◆ **RECORDED DATA**

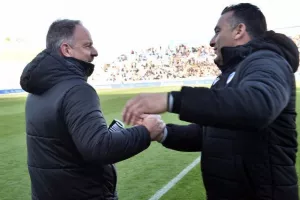 ΑΠΟΕΛ - Απόλλων: Χωρίς νικητή, "κερδισμένοι" οι γαλάζιοι (φώτος)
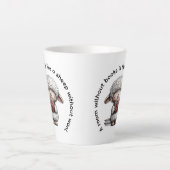 Tasse Latte Whimsical Cute Sheep Reading a Book (Devant)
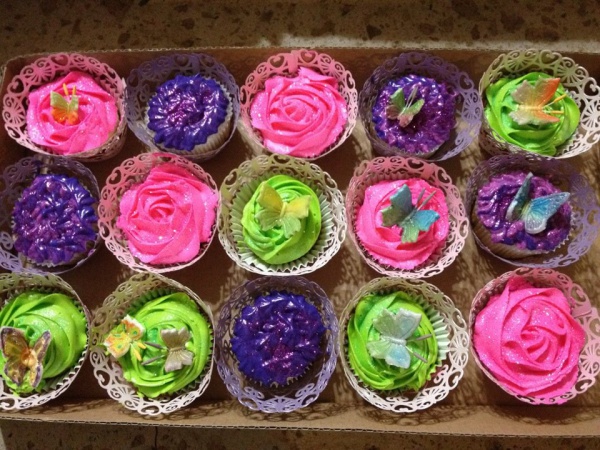 Cupcakes for a Fancy Nancy Tea Party cake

◆ **AIM OF THE TASK**
Give back every line of the material exactly as written, but not the pictures.

◆ **ANSWER FOR THIS EXERCISE**
 ΑΠΟΕΛ - Απόλλων: Χωρίς νικητή, "κερδισμένοι" οι γαλάζιοι (φώτος)
 Tasse Latte Whimsical Cute Sheep Reading a Book (Devant)
 Cupcakes for a Fancy Nancy Tea Party cake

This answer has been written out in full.